▶ [How to complete this task]: Using the data that follows, output only the lines from the line with "壓力式噴霧干燥機(jī)" up to and including the line with "2508 국내외 채권시장 전망(PDF)_page-0032.jpg", exactly, leaving pictures aside.

▶ [Data extracts]:
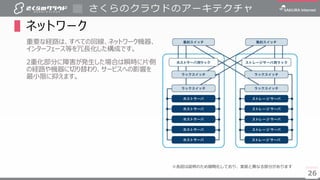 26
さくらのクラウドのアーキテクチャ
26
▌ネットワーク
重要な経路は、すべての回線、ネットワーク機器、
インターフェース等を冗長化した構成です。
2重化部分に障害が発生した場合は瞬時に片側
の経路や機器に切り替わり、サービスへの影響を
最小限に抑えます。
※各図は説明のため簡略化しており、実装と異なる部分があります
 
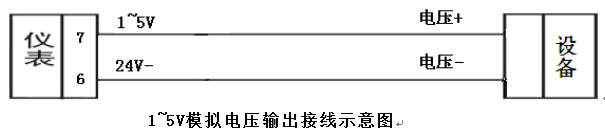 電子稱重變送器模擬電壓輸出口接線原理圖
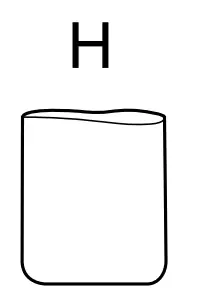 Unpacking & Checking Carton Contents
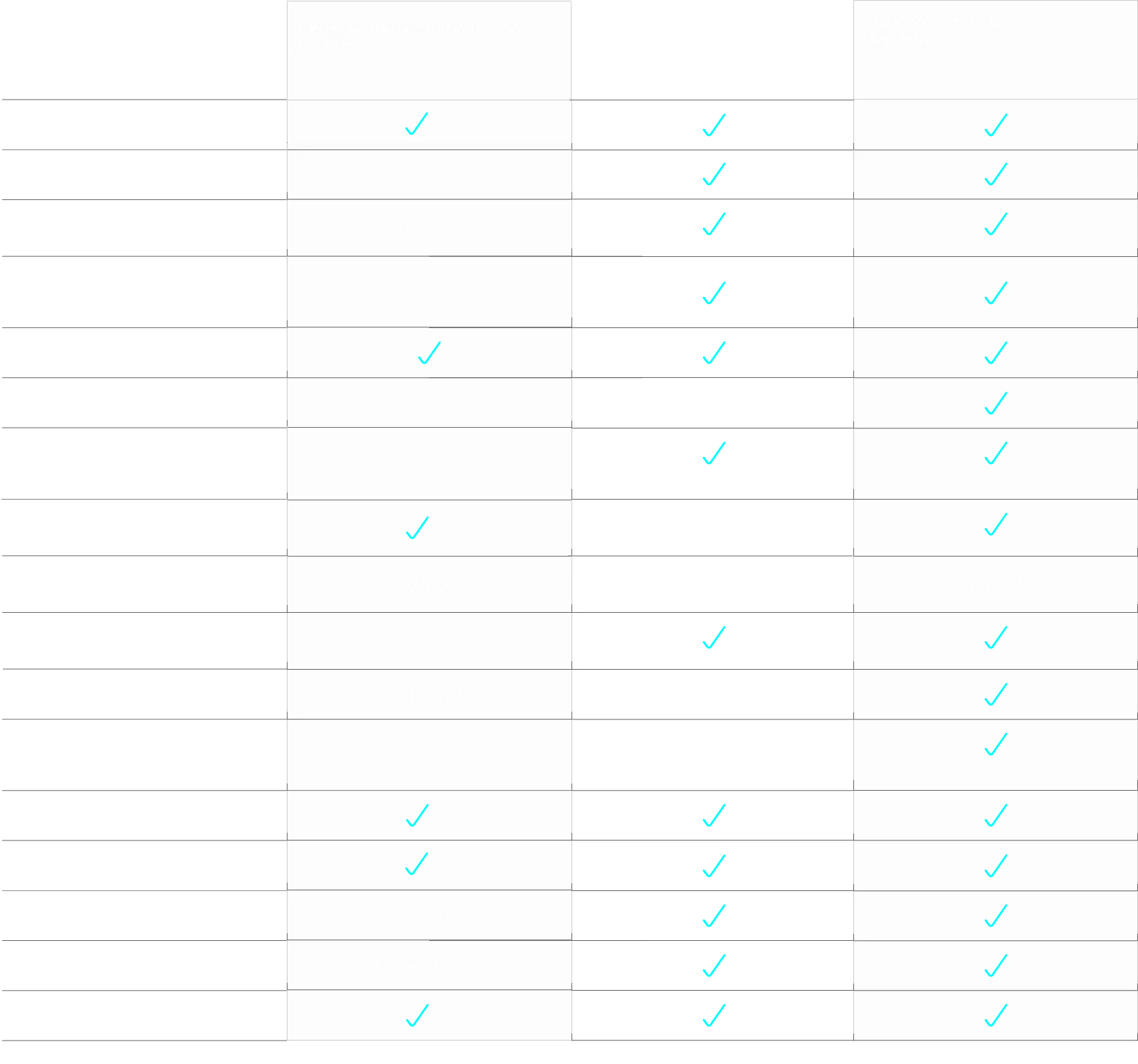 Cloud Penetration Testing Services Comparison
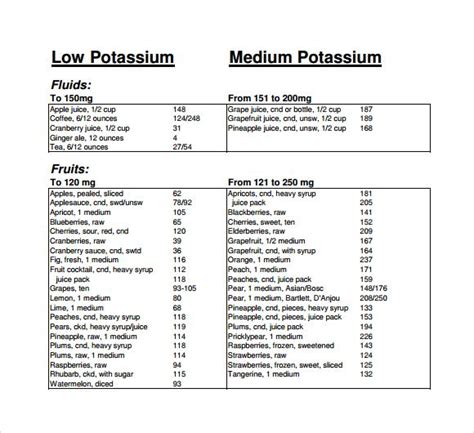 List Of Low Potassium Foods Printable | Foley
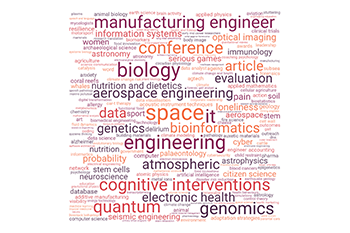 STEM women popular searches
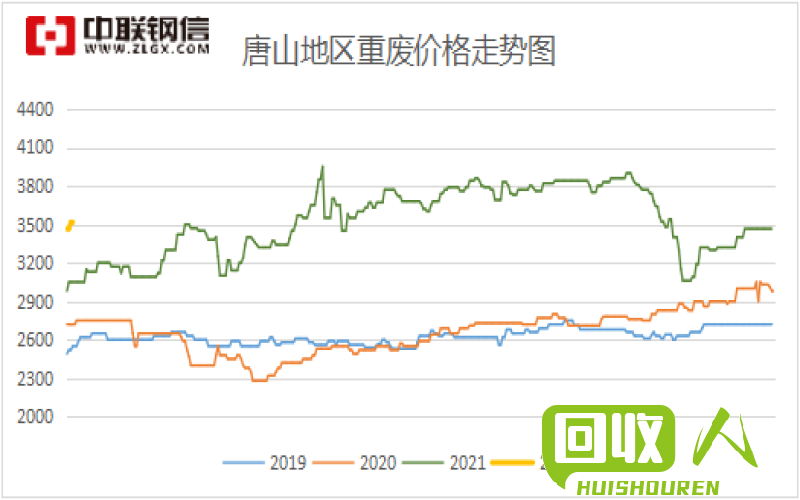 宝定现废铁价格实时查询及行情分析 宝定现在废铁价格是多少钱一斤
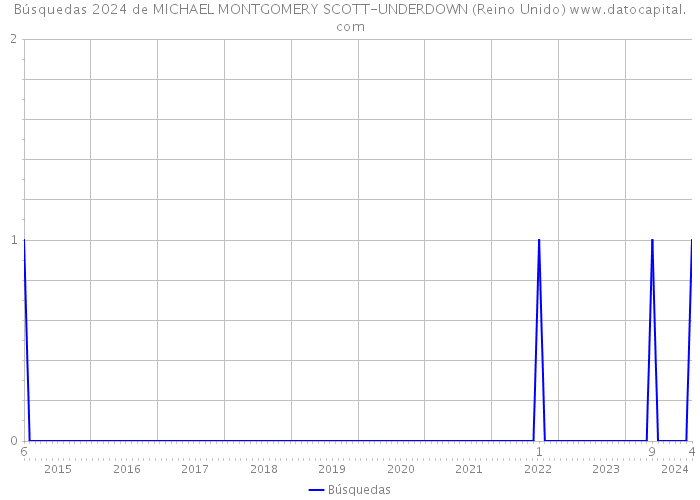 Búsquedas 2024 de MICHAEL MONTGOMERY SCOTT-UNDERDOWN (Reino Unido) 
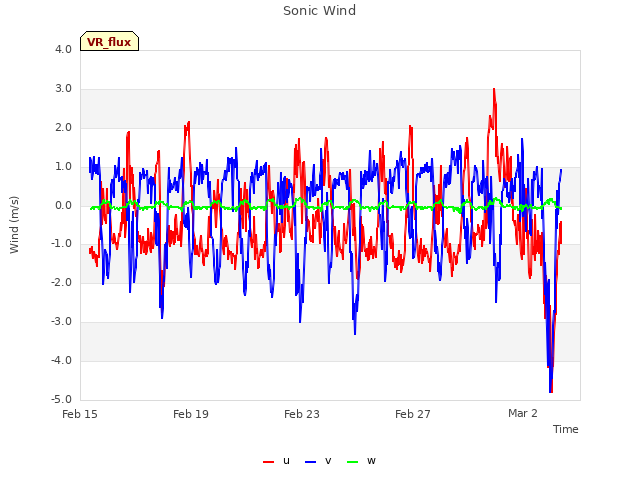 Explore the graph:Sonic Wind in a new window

--

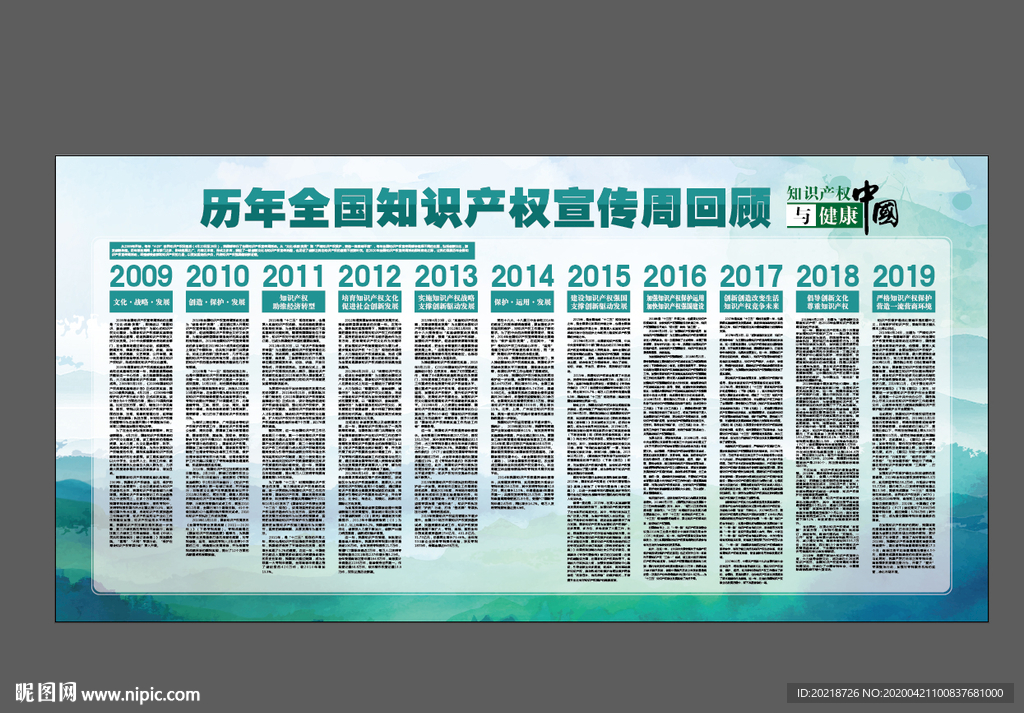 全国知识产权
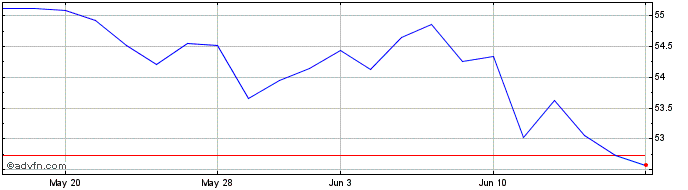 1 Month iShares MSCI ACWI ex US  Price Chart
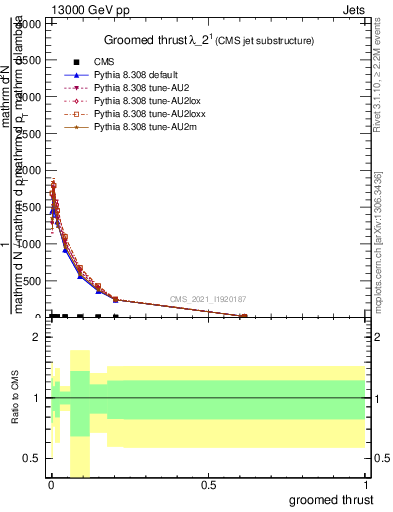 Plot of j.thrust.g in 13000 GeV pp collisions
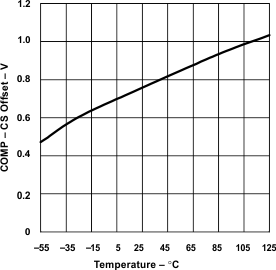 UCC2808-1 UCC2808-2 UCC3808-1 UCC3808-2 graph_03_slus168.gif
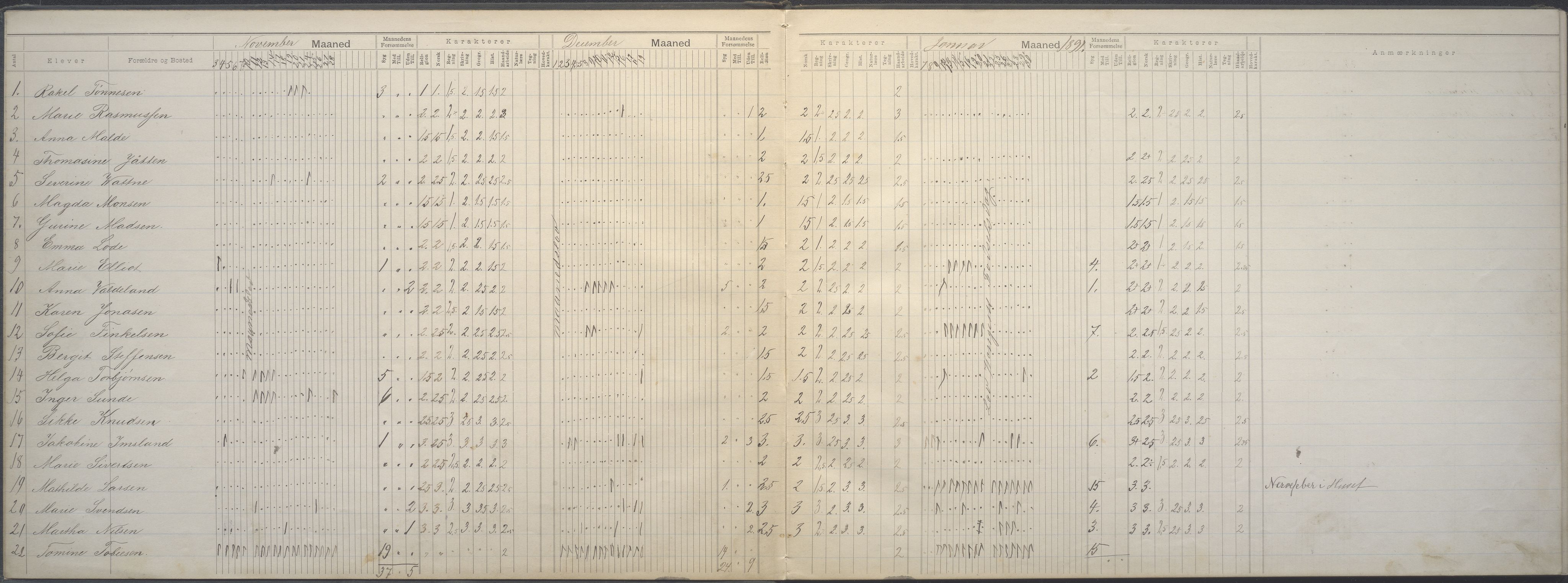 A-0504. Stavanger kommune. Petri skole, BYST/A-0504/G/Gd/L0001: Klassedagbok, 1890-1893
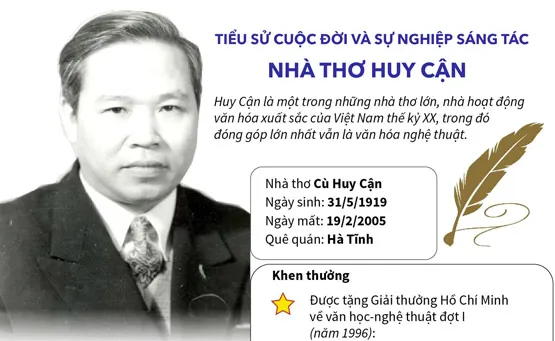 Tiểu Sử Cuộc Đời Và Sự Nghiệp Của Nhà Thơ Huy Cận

==

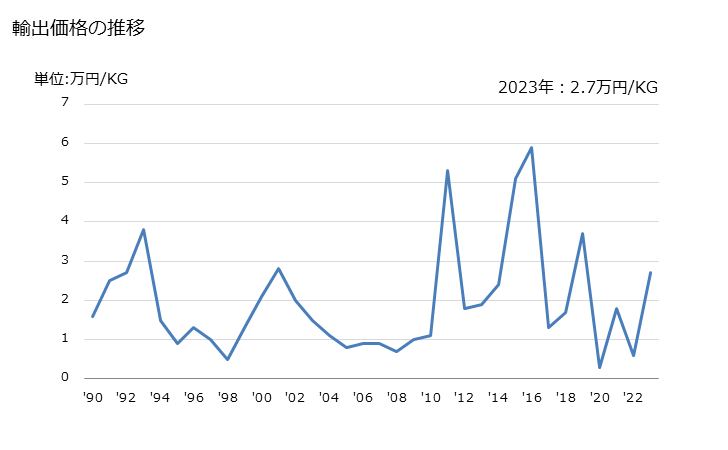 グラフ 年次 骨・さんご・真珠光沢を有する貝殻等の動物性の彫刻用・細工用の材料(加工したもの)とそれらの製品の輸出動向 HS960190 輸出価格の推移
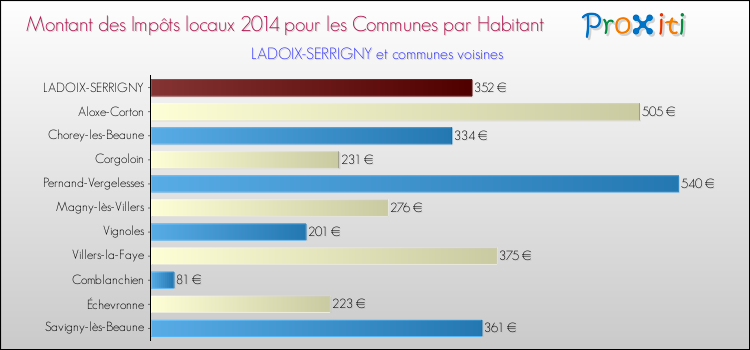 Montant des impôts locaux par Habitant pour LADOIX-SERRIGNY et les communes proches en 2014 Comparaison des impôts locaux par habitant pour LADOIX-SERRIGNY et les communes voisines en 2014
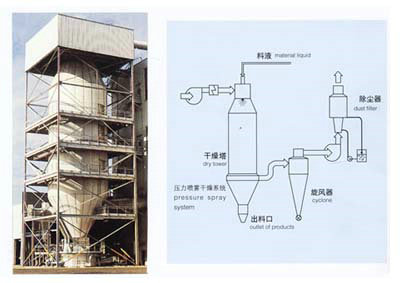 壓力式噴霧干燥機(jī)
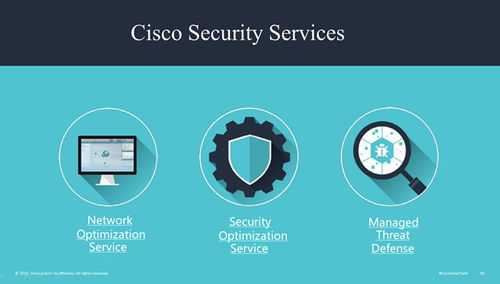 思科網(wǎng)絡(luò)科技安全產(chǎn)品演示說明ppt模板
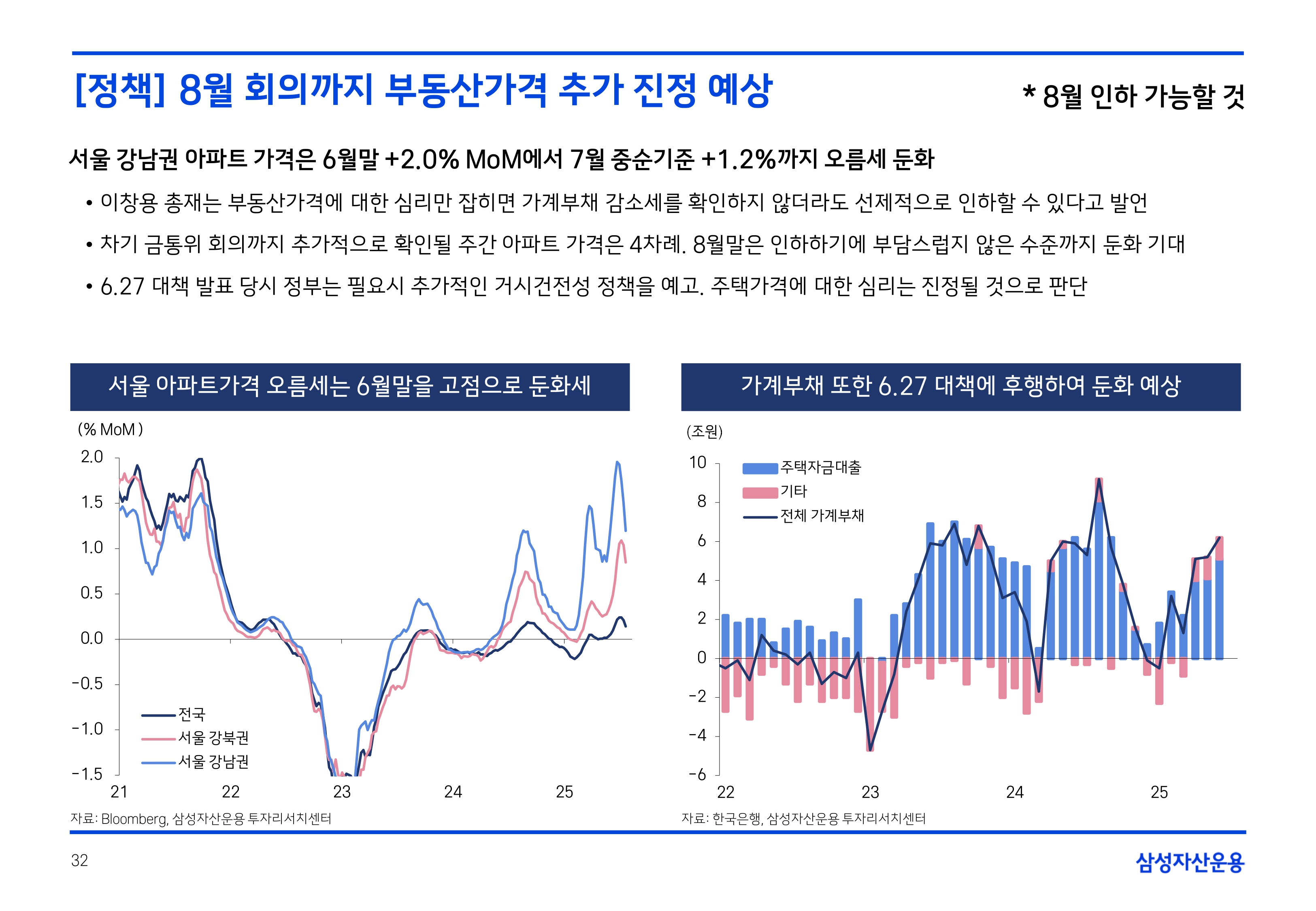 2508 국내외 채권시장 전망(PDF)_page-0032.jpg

▶ [The answer]:
 壓力式噴霧干燥機(jī)
 思科網(wǎng)絡(luò)科技安全產(chǎn)品演示說明ppt模板
 2508 국내외 채권시장 전망(PDF)_page-0032.jpg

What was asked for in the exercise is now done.